Zu guter letzt wirft Sartres Analyse auch ein anderes Licht auf jedwede Form von Verdinglichungen, die sich in körperlichen Differenzen begründen – worauf eben der Feminismus Simone de Beauvoirs oder der Antirassismus Franz Fanons basiert. Sie wehren sich eben dagegen, dass Frauen und „Negern“ die Anerkennung als Subjekte im vollen Sinne versagt bleibt – und untersuchen zugleich, wie sich diese versagte Anerkennung auf die Binnenstruktur dieser Subjekte auswirkt, ihnen nicht bloß äußerlich gegenübertritt.
Dies sind nur drei Aspekte, die sicherlich noch länger auszuführen wären.
Der erste Aspekt korrespondiert mit Dahlmanns Sartre-Kritik. Er wirft Sartre ja vor, nicht zu erkennen, dass das Kapital tatsächlich ein Ding ist, dass die Eigenschaften eines Subjekts hat, also doch so etwas wie ein real existierender „Hyper-Andere“. Ganz konkret, indem es eben alle Menschen zu Dingen macht, die durch es einen gesellschaftlichen Wert ihrer Arbeitskraft erhalten. Ich denke, dies ist in der Tat eine produktive Art, Sartre über ihn hinaus weiterzudenken und so die Kapitalismuskritik zu schärfen. Das fatale an der Herrschaft von Kapital und Staat ist eben, dass in ihnen gesellschaftliche Prozesse wie Götter über die Menschen regieren. So lässt sich die Marxsche Kritik in einer Radikalität artikulieren, die ihr ohne eine Beschäftigung mit dem philosophischen Freiheitsbegriff mangeln würde – der Kapitalismus ist die reale Existenz einer ontologischen Unmöglichkeit.

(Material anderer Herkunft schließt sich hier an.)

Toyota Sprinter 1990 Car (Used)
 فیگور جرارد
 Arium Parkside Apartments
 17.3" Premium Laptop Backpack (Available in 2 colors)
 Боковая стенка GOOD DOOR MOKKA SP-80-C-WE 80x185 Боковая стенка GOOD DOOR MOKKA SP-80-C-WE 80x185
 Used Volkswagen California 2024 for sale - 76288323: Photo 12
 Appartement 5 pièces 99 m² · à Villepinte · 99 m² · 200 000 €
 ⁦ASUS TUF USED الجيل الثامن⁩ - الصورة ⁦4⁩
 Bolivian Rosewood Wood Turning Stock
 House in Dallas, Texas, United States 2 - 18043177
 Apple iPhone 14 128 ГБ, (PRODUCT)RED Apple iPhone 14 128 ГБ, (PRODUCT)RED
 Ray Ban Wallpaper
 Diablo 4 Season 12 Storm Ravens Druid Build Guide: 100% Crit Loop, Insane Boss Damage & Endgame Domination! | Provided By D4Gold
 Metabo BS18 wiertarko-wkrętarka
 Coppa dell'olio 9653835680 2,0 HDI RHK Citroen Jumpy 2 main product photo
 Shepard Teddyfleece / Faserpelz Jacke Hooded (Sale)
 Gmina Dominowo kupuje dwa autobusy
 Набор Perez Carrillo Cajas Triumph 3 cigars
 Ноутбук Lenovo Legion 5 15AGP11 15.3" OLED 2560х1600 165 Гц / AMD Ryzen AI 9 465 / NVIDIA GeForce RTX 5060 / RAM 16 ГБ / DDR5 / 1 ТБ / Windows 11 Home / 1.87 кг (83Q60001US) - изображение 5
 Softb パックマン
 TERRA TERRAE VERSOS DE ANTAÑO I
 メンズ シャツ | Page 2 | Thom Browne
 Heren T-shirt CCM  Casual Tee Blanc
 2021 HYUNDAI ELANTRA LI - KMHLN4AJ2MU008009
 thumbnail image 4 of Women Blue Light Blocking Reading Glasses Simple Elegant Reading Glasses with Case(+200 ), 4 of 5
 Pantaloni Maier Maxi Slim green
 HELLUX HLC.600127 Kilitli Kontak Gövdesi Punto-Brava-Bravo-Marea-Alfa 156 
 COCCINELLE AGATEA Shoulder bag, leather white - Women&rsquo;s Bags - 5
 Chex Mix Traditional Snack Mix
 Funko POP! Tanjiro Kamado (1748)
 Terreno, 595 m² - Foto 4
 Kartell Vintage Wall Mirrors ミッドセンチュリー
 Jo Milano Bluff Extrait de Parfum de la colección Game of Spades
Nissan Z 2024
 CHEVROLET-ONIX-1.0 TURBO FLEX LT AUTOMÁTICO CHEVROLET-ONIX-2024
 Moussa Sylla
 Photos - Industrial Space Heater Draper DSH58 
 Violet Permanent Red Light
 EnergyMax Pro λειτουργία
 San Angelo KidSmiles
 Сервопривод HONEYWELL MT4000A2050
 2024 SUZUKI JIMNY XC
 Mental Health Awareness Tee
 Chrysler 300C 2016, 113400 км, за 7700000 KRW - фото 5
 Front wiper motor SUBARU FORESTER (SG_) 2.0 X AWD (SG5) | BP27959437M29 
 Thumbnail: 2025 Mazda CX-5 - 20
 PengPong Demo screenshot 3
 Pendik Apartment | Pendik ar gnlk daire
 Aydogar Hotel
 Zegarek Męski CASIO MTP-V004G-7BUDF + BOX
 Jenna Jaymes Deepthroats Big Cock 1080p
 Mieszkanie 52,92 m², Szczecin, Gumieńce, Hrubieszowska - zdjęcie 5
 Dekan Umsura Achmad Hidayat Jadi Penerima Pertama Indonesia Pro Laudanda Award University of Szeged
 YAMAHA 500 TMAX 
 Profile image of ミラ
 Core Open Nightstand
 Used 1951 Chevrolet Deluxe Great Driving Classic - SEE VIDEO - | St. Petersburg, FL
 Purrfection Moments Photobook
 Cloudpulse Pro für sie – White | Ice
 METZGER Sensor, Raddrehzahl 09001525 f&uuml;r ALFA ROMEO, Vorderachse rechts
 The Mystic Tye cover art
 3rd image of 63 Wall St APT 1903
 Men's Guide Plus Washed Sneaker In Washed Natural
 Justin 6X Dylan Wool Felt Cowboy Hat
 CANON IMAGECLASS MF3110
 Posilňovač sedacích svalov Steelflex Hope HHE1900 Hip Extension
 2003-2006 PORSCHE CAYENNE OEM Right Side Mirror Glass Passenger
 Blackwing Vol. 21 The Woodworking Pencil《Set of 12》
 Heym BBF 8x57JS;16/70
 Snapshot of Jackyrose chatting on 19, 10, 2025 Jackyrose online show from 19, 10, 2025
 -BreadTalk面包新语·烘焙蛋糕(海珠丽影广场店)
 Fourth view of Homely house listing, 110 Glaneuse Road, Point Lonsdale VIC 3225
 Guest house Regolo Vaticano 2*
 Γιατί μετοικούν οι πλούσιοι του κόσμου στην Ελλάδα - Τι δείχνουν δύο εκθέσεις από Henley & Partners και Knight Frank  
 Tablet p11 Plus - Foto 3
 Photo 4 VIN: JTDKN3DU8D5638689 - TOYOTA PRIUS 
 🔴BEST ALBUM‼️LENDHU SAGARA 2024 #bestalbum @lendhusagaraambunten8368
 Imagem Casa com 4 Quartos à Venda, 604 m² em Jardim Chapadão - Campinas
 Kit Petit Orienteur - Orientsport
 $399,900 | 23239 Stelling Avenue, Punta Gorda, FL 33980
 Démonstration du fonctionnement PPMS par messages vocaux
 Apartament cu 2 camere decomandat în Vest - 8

Zumindest in Wien ging Dahlmann erst auf Nachfrage darauf ein, dass ja auch Sartre bereits eine umfassende Theorie der Scham hat. Ich denke, sein in die richtige Richtung weisender Versuch, Sartre gegenüber Adornos Polemik zu rehabilitieren, würde an Substanz gewinnen, wenn er deutlicher ausführen würde, wo er die Lücken von Sartres Analyse der Scham sieht. Ich hoffe, in seinem ja in Kürze erscheinendem Buch wird er dies näher erläutern.